What you need to do |
Verbatim copy, pictures excluded: every line from the one with "Кроссовки Adidas Supernova" through the final line of the data below, and no other line.

(Dataset records)
● ● ●
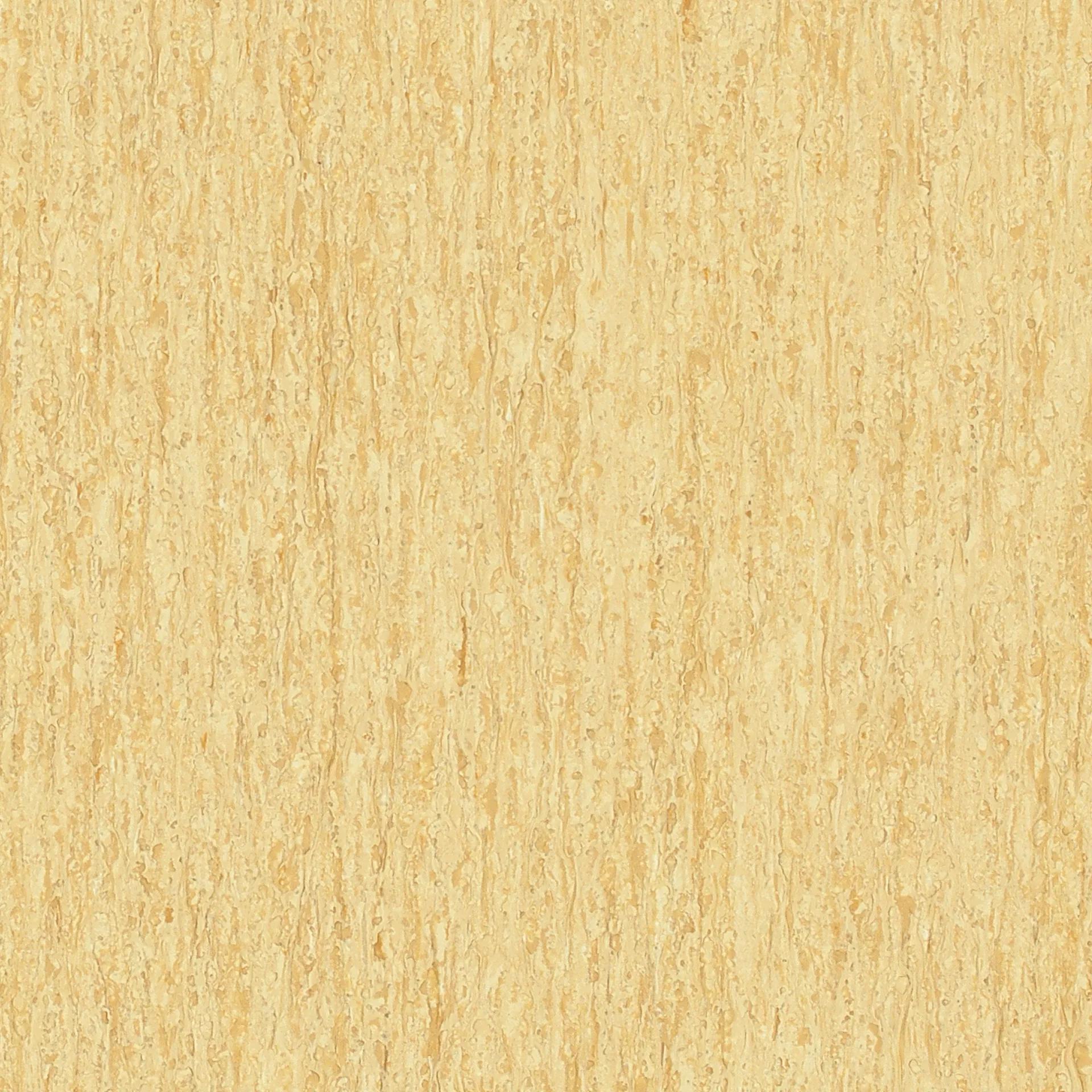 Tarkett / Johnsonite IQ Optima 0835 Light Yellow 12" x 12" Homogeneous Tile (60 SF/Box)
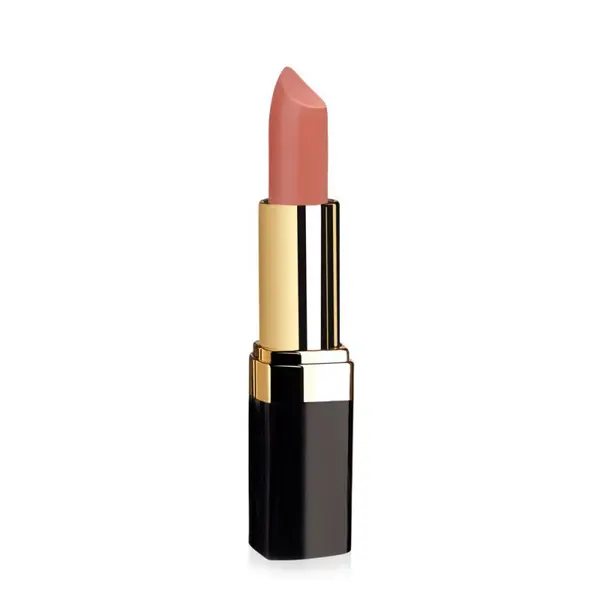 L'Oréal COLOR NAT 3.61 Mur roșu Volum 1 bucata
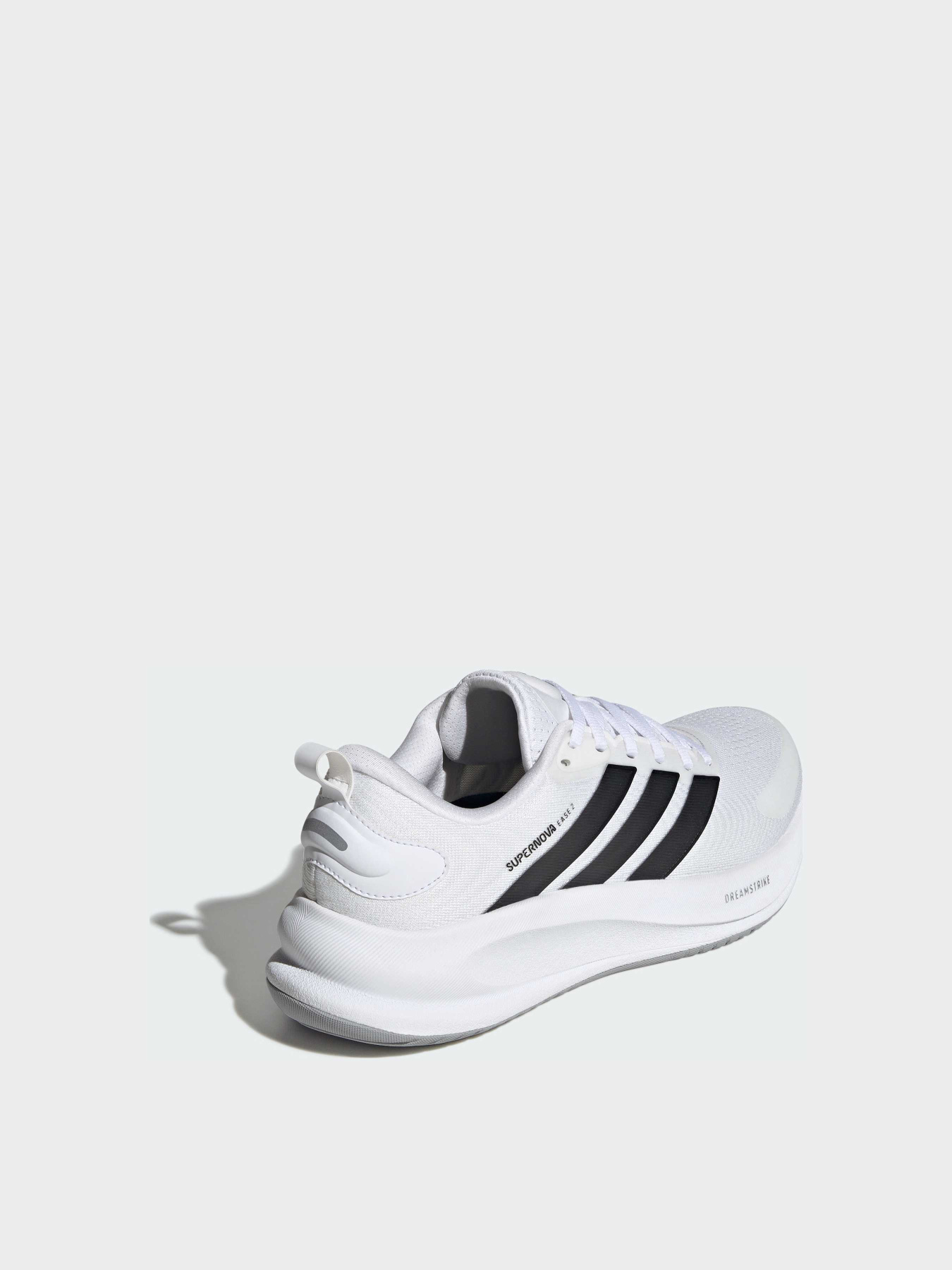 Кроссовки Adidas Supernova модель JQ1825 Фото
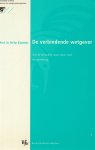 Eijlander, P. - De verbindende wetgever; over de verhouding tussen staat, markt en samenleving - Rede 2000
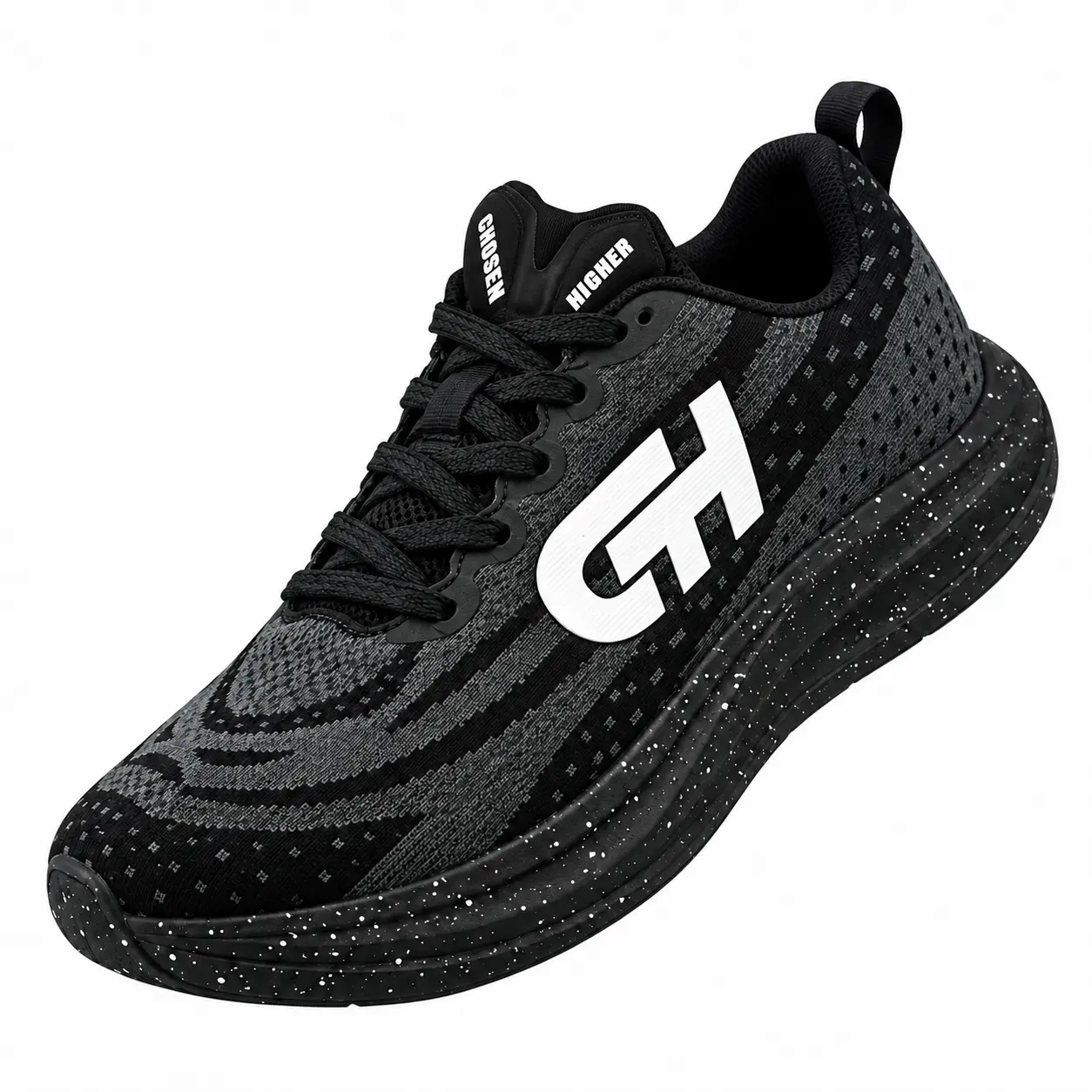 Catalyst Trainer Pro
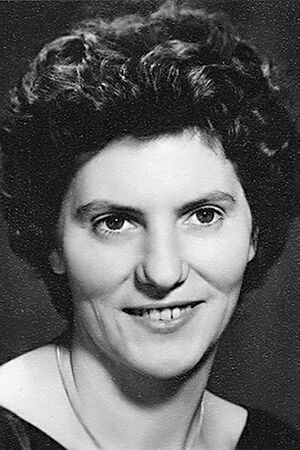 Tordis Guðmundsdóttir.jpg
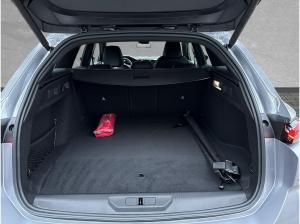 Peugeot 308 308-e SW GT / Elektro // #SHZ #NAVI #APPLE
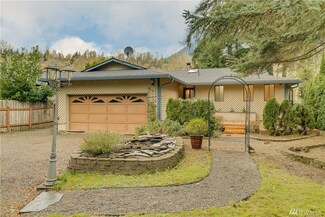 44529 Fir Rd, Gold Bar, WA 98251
● ● ●
Solution to this problem |
 Кроссовки Adidas Supernova модель JQ1825 Фото
 Eijlander, P. - De verbindende wetgever; over de verhouding tussen staat, markt en samenleving - Rede 2000
 Catalyst Trainer Pro
 Tordis Guðmundsdóttir.jpg
 Peugeot 308 308-e SW GT / Elektro // #SHZ #NAVI #APPLE
 44529 Fir Rd, Gold Bar, WA 98251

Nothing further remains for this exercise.